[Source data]
────────────────
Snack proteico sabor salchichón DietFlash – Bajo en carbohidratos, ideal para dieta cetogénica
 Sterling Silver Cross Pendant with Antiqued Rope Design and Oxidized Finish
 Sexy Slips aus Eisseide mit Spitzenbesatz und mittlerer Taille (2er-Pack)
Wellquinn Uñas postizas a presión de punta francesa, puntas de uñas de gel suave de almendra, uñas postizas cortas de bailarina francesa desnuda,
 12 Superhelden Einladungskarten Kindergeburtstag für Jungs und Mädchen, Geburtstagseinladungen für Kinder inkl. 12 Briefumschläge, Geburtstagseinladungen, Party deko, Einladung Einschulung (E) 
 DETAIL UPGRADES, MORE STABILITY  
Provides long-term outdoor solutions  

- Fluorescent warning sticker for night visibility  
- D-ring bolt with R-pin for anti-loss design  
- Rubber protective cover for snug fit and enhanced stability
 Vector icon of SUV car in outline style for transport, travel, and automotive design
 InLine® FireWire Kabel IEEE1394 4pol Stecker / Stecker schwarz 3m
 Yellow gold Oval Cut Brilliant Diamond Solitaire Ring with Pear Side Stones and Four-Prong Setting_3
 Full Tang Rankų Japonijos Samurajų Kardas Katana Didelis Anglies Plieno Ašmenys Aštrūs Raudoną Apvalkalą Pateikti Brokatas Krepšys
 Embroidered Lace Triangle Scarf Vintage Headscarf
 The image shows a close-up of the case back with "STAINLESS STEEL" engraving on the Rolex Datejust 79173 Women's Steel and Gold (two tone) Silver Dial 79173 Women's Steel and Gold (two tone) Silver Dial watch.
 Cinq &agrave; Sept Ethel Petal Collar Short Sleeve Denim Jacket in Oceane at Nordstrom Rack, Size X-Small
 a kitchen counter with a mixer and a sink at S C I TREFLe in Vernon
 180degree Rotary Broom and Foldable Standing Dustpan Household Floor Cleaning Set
────────────────
TASK INSTRUCTIONS »
For each line in the data, set it down again exactly.

TASK RESULT »
Snack proteico sabor salchichón DietFlash – Bajo en carbohidratos, ideal para dieta cetogénica
 Sterling Silver Cross Pendant with Antiqued Rope Design and Oxidized Finish
 Sexy Slips aus Eisseide mit Spitzenbesatz und mittlerer Taille (2er-Pack)
Wellquinn Uñas postizas a presión de punta francesa, puntas de uñas de gel suave de almendra, uñas postizas cortas de bailarina francesa desnuda,
 12 Superhelden Einladungskarten Kindergeburtstag für Jungs und Mädchen, Geburtstagseinladungen für Kinder inkl. 12 Briefumschläge, Geburtstagseinladungen, Party deko, Einladung Einschulung (E) 
 DETAIL UPGRADES, MORE STABILITY  
Provides long-term outdoor solutions  

- Fluorescent warning sticker for night visibility  
- D-ring bolt with R-pin for anti-loss design  
- Rubber protective cover for snug fit and enhanced stability
 Vector icon of SUV car in outline style for transport, travel, and automotive design
 InLine® FireWire Kabel IEEE1394 4pol Stecker / Stecker schwarz 3m
 Yellow gold Oval Cut Brilliant Diamond Solitaire Ring with Pear Side Stones and Four-Prong Setting_3
 Full Tang Rankų Japonijos Samurajų Kardas Katana Didelis Anglies Plieno Ašmenys Aštrūs Raudoną Apvalkalą Pateikti Brokatas Krepšys
 Embroidered Lace Triangle Scarf Vintage Headscarf
 The image shows a close-up of the case back with "STAINLESS STEEL" engraving on the Rolex Datejust 79173 Women's Steel and Gold (two tone) Silver Dial 79173 Women's Steel and Gold (two tone) Silver Dial watch.
 Cinq &agrave; Sept Ethel Petal Collar Short Sleeve Denim Jacket in Oceane at Nordstrom Rack, Size X-Small
 a kitchen counter with a mixer and a sink at S C I TREFLe in Vernon
 180degree Rotary Broom and Foldable Standing Dustpan Household Floor Cleaning Set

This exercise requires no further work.